Candidate predictor selection and model development
Based on the literature, 12 candidate predictor variables were selected from clinical characteristics and potential biomarkers associated with clinical deterioration. Self-reported clinical symptoms were excluded for better objectivity. Values unavailable for at least 25% of the patients in the derivation dataset were also excluded. Finally, 9 candidate predictor variables—age, sex at birth, body mass index [BMI], comorbidities of diabetes mellitus and hypertension, NLR, BUN, LDH, and CRP—were selected for analysis by consensus at a team meeting during the derivation phase. There were no missing values for these 9 candidate predictor variables in the derivation dataset (Appendix 2).
The model building process for developing the risk score was conducted according to the method reported by Knight et al. (31) with minor modifications. In the first step, generalized additive model (GAM) fit to a Cox regression models were built by incorporating continuous variables with P-spline smoothers in combination with categorical variables as linear components. A criterion-based approach to variable selection was applied based on the deviance explained and restricted maximum likelihood. Second, optimal cutoff values for continuous variables were selected from visually inspected plots of component continuous variables with P-spline smoothers. Third, final models using categorized variables were specified with least absolute shrinkage and selection operator (LASSO) Cox regression. L1-penalized coefficients were derived using 10-fold cross-validation to select the value of lambda (minimized cross-validated sum of squared residuals) in the derivation dataset. Shrunk coefficients were converted to a point with appropriate scaling to create the risk scoring model.
Discrimination of the developed risk scoring model—named the Age, BMI, CRP, LDH [ABCD] Risk Score—was evaluated using the area under the receiver operating characteristic (ROC) curve and concordance statistics (C-statistics) in the derivation dataset. The 95% confidence interval (95% CI) of the C-statistics was calculated by bootstrapped resampling (2000 samples). Calibration of the ABCD Risk Score was assessed by using a calibration plot and Brier score.
Model validation
A temporal validation dataset of patients was used for validation of the ABCD Risk Score obtained in the derivation phase. The same clinical and laboratory data were available for analysis in both cohorts. There were no missing values for the ABCD Risk Score in the temporal validation dataset. Discrimination and calibration were evaluated in a validation dataset. The cutoff values of the ABCD Risk Score for three risk groups—low, intermediate, and high—were determined by consensus at a team meeting. Kaplan–Meier survival curves for the patients in each risk group were generated to illustrate the partitioning of the risk of disease deterioration, and differences in clinical deterioration between risk groups were assessed by log-rank test.
Comparison with other risk scoring models of clinical deterioration in COVID-19
The ABCD Risk Score was compared within the comparison dataset with previously reported risk scoring models.
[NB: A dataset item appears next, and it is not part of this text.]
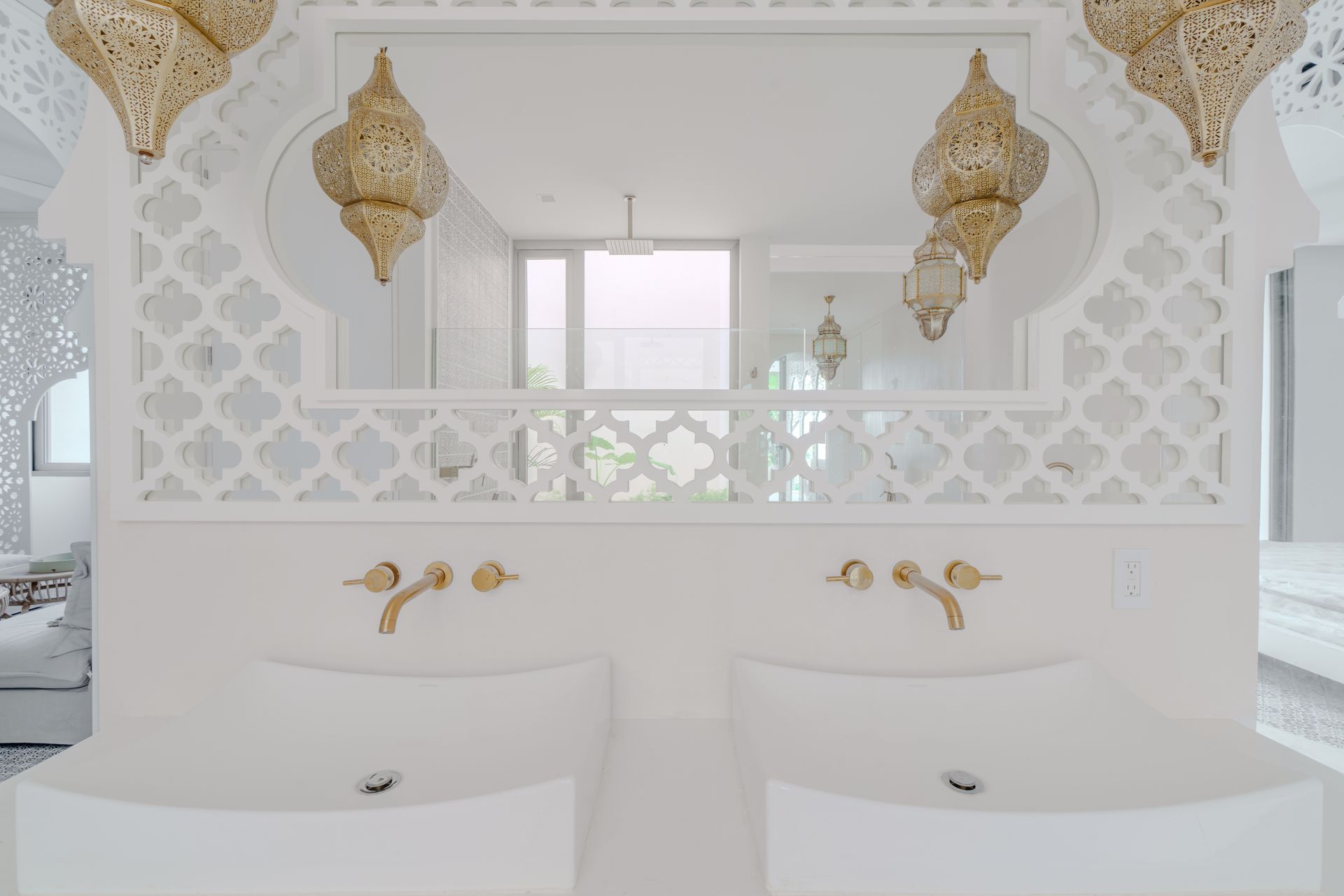 Baño blanco con accesorios de iluminación, lavabos y grifos adornados en color dorado.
Sixteen risk scoring models for clinical deterioration were extracted from the literature; 12 were excluded due to a lack of clinical symptoms, CT findings, or ultrasound findings in the comparison dataset (13–15, 17–19, 21–24, 27, 28). Finally, four risk scoring models were selected for evaluation in this study (16, 20, 25, 26). Discrimination, calibration, and decision curve analysis of each risk scoring model was evaluated in the comparison dataset (Fig. 1). Because the rate of missing values was 20% for D-dimer in the comparison of the risk scoring models, the missing values were imputed by a random forest imputation method.